**REQUIRED WORK**
Once the line holding "Thank you very much everyone, thank" is found in the listing below, write it out and each later line exactly, up to and including the one holding "I hope you guys enjoyed this".

**DATA RECORDS**
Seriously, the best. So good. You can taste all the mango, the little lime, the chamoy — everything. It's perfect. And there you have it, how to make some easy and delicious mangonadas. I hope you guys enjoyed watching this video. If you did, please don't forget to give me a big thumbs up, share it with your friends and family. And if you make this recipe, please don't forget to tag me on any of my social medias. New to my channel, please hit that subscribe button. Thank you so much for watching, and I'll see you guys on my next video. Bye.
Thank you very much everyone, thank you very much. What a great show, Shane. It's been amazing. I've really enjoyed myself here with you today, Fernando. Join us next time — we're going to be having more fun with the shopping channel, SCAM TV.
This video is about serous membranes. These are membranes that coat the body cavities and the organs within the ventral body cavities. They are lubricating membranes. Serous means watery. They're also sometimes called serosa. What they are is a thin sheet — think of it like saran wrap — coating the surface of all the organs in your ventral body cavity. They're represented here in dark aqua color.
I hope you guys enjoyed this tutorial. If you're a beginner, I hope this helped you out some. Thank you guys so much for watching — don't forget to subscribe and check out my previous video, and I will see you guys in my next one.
* * *
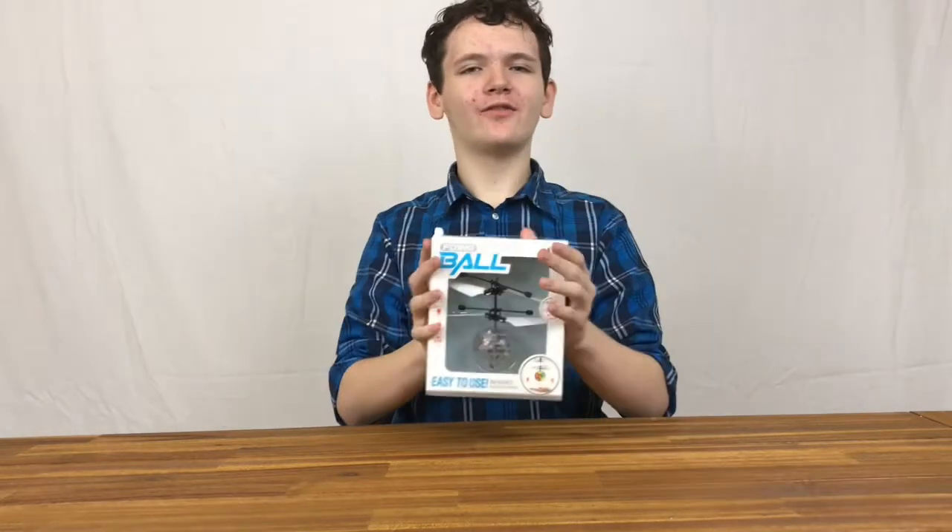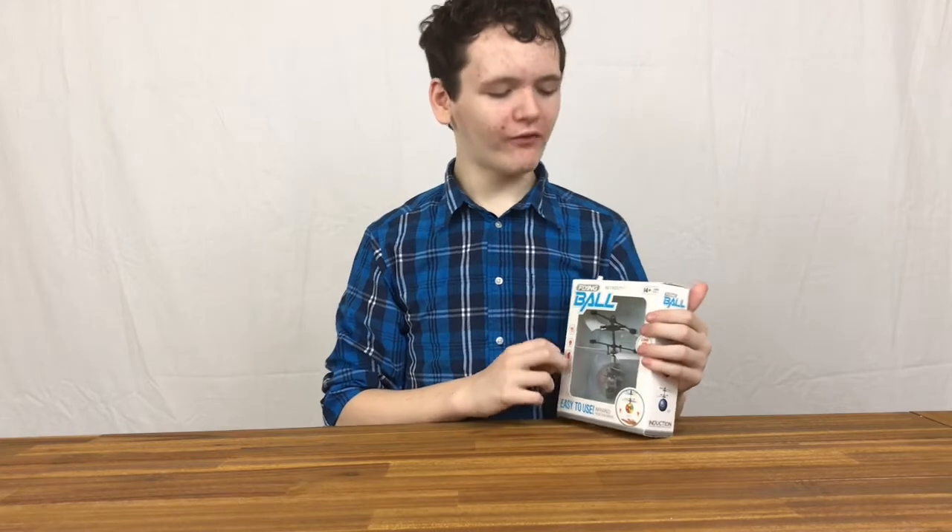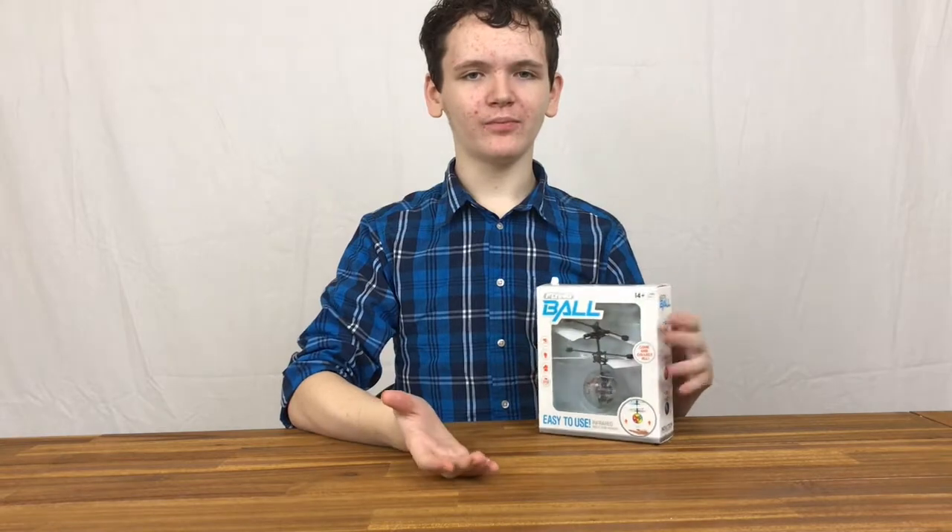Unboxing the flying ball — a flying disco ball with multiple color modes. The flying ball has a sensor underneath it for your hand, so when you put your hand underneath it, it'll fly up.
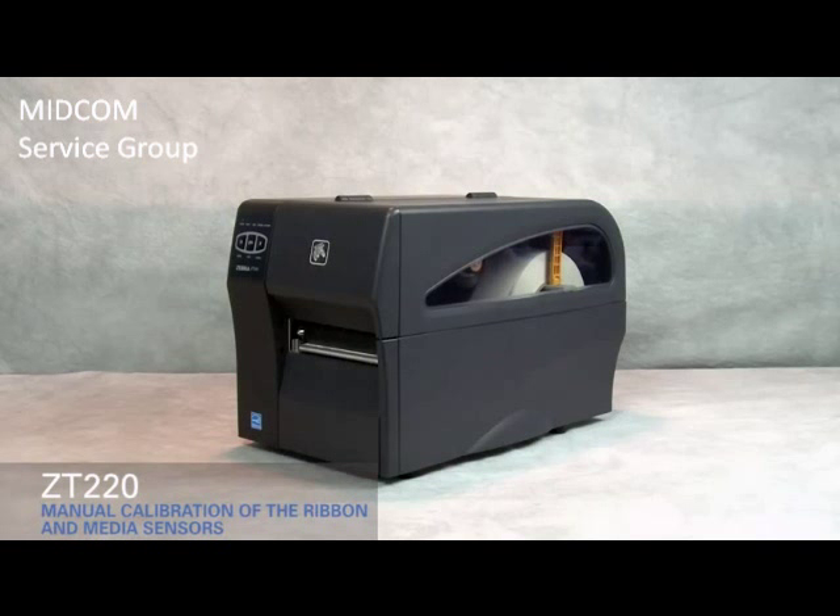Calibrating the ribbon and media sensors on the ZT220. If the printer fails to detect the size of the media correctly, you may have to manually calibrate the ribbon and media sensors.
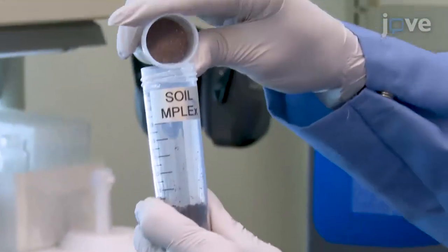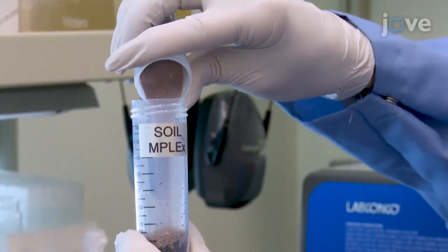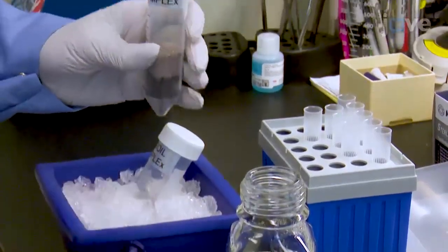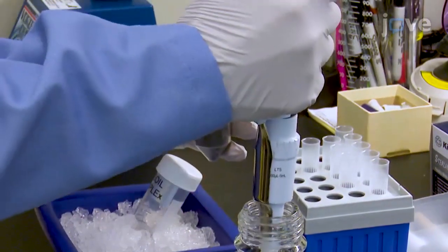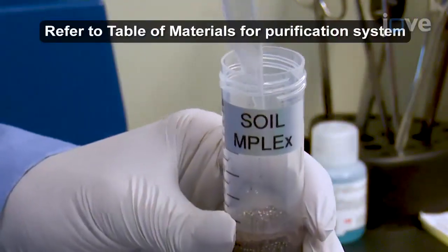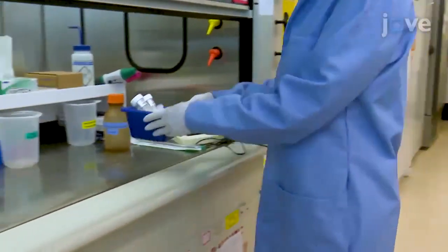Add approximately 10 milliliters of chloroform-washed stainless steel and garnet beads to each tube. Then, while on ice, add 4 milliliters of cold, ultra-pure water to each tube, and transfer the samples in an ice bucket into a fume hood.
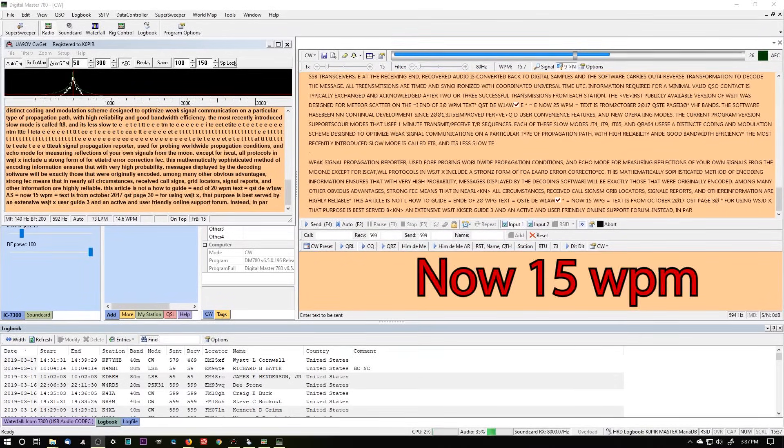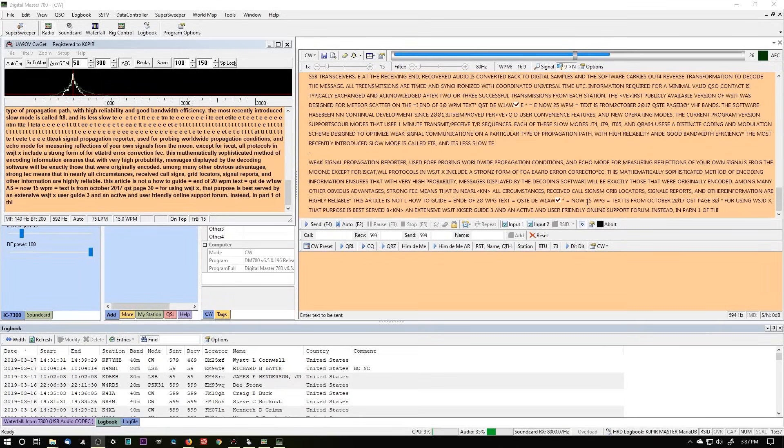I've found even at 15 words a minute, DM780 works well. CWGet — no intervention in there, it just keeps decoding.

**RESULT OF THE EXERCISE**
Thank you very much everyone, thank you very much. What a great show, Shane. It's been amazing. I've really enjoyed myself here with you today, Fernando. Join us next time — we're going to be having more fun with the shopping channel, SCAM TV.
This video is about serous membranes. These are membranes that coat the body cavities and the organs within the ventral body cavities. They are lubricating membranes. Serous means watery. They're also sometimes called serosa. What they are is a thin sheet — think of it like saran wrap — coating the surface of all the organs in your ventral body cavity. They're represented here in dark aqua color.
I hope you guys enjoyed this tutorial. If you're a beginner, I hope this helped you out some. Thank you guys so much for watching — don't forget to subscribe and check out my previous video, and I will see you guys in my next one.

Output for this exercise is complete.